AI Site Grade
mlaglobal.com — AI Site Grade
MLA Global's sitemap returns 403/404, blocking AI crawlers from discovering thousands of pages of legal recruiting content.
The site lacks structured data entirely, has a broken sitemap, and suffers from zero external web presence, severely limiting AI visibility despite allowing all crawlers.
- Findings
- 12
- Evidence checks
- 29
- Completed
- 30 May 2026
Analysis
I have enough data to write a thorough audit. Let me compile the findings.
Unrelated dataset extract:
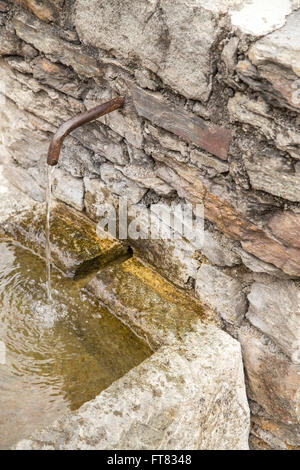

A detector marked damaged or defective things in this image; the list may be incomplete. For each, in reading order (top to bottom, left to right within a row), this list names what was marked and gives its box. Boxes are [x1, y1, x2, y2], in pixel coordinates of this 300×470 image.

rusty iron spout [47, 96, 125, 166]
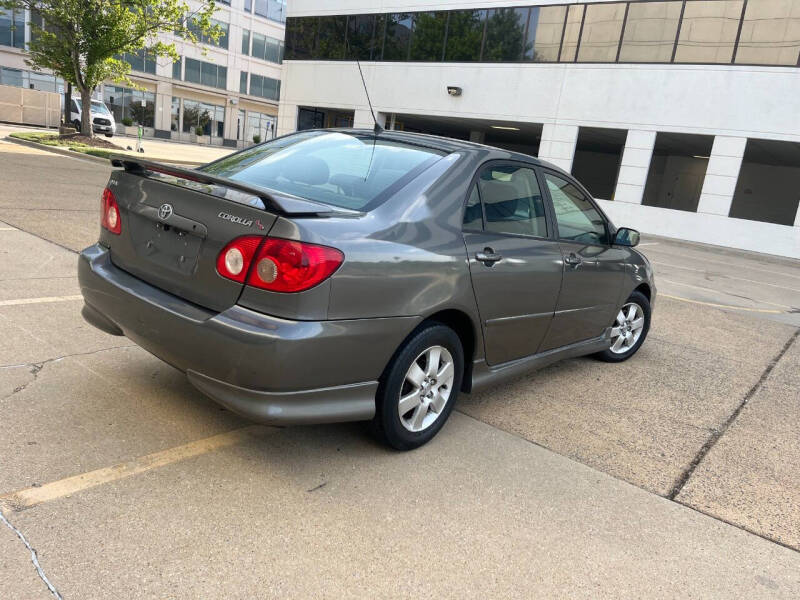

The Global Navigators of Legal Careers — But Invisible to AI Discovery
The site's sitemap, the single most critical discovery signal for AI crawlers, returns 403 Forbidden — and the gzipped sitemap referenced in robots.txt returns 404 Not Found. This means GPTBot, ClaudeBot, PerplexityBot, and every other AI crawler that hits this domain gets a warm 200 on the homepage but has no structured map of the site's content, leaving thousands of pages of thought leadership, consultant profiles, and placement data effectively undiscoverable.
Crawler Access
All major AI crawlers — GPTBot, ClaudeBot, Google-Extended, PerplexityBot, OAI-SearchBot, Bytespider, Applebot-Extended — receive HTTP 200 with full content on the homepage and all tested subpages. No UA-based blocking exists. The robots.txt is minimal: a single wildcard rule disallowing /sitecore* paths (the CMS backend) with no AI-bot-specific directives. The llms.txt endpoint returns 403 Forbidden, meaning no AI-friendly content map is published. The site runs on Sitecore CMS behind an Azure/Fastly edge (x-azure-ref, x-fd-int-roxy-purgeid headers), with strong security headers (HSTS, CSP, X-Frame-Options).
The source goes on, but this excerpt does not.